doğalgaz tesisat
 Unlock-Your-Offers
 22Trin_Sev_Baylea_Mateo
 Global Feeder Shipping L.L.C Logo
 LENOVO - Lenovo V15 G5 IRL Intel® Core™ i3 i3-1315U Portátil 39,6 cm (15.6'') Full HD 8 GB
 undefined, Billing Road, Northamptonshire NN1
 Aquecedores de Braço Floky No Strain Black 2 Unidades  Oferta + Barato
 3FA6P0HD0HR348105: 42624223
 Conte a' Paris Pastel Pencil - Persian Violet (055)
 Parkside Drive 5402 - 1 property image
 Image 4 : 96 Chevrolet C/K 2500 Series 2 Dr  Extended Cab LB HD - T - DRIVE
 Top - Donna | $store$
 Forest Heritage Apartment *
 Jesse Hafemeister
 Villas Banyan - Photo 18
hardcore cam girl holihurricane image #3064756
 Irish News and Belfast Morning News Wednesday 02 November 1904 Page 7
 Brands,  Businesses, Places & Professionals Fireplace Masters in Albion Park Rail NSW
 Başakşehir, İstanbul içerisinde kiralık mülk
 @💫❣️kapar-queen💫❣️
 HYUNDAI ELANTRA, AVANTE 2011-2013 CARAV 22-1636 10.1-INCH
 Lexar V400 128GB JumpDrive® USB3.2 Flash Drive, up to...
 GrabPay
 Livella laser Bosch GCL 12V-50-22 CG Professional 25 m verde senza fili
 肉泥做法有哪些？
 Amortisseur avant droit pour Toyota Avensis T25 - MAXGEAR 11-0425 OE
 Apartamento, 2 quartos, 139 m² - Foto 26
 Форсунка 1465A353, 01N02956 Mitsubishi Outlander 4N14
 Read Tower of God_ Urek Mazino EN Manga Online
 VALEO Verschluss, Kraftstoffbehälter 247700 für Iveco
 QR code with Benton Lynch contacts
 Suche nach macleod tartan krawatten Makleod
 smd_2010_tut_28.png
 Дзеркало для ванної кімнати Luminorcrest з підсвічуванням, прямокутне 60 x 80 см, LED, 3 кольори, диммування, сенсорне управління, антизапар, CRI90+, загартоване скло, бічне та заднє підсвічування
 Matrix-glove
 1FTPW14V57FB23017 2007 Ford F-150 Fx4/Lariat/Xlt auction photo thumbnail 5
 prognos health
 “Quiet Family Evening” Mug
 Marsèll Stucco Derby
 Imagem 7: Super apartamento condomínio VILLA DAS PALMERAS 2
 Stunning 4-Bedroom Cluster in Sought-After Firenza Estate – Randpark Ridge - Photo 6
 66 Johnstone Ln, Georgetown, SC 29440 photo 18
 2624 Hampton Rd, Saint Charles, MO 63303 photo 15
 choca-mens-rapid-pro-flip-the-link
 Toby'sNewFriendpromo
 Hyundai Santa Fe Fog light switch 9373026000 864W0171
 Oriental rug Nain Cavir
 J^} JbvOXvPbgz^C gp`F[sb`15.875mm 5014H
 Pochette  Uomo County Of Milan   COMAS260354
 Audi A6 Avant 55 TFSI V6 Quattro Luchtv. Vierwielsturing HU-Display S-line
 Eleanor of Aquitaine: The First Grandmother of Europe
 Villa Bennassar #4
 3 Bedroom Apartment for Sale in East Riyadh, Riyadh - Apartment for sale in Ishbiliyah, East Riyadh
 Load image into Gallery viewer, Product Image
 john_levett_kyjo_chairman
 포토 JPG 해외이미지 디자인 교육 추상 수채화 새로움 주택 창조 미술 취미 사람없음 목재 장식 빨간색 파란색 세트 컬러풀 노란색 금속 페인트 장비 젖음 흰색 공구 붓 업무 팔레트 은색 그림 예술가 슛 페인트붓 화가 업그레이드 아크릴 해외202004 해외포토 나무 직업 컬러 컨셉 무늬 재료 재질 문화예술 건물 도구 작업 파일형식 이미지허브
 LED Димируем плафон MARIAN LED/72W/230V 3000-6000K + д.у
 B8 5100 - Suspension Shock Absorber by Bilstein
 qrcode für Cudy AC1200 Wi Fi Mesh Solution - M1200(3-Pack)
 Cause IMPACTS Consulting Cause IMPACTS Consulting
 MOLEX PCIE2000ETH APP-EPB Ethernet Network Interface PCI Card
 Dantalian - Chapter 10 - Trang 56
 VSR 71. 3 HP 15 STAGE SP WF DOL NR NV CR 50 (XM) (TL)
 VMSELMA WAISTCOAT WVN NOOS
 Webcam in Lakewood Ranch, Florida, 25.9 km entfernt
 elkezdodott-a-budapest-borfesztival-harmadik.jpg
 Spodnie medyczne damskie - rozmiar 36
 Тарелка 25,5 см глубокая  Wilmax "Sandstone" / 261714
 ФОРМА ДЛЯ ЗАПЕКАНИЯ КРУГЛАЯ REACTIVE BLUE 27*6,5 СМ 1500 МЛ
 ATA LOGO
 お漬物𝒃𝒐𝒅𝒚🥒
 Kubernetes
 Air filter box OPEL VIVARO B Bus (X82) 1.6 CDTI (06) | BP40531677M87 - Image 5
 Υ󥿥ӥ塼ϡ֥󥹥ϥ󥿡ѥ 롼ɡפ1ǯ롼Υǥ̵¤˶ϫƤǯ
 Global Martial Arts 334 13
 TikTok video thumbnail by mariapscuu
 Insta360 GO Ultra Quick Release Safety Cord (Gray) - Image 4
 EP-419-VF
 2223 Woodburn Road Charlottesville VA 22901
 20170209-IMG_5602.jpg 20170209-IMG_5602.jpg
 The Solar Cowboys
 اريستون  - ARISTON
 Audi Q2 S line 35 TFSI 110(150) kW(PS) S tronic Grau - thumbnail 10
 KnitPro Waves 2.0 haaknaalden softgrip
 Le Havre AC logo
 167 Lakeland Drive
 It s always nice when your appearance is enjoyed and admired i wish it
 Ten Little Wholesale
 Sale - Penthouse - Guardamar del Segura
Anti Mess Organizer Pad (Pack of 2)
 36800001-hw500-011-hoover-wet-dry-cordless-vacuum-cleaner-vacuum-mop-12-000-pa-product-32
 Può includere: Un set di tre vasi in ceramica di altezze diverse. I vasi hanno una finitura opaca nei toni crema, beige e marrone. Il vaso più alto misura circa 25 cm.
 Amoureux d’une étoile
--
_Activity:_ Give the exact lines, and only those, from the line containing "Park Rail NSW" through the line containing "Suche nach macleod tartan krawatten Makleod" in the entries above.

_Your response:_
 Brands,  Businesses, Places & Professionals Fireplace Masters in Albion Park Rail NSW
 Başakşehir, İstanbul içerisinde kiralık mülk
 @💫❣️kapar-queen💫❣️
 HYUNDAI ELANTRA, AVANTE 2011-2013 CARAV 22-1636 10.1-INCH
 Lexar V400 128GB JumpDrive® USB3.2 Flash Drive, up to...
 GrabPay
 Livella laser Bosch GCL 12V-50-22 CG Professional 25 m verde senza fili
 肉泥做法有哪些？
 Amortisseur avant droit pour Toyota Avensis T25 - MAXGEAR 11-0425 OE
 Apartamento, 2 quartos, 139 m² - Foto 26
 Форсунка 1465A353, 01N02956 Mitsubishi Outlander 4N14
 Read Tower of God_ Urek Mazino EN Manga Online
 VALEO Verschluss, Kraftstoffbehälter 247700 für Iveco
 QR code with Benton Lynch contacts
 Suche nach macleod tartan krawatten Makleod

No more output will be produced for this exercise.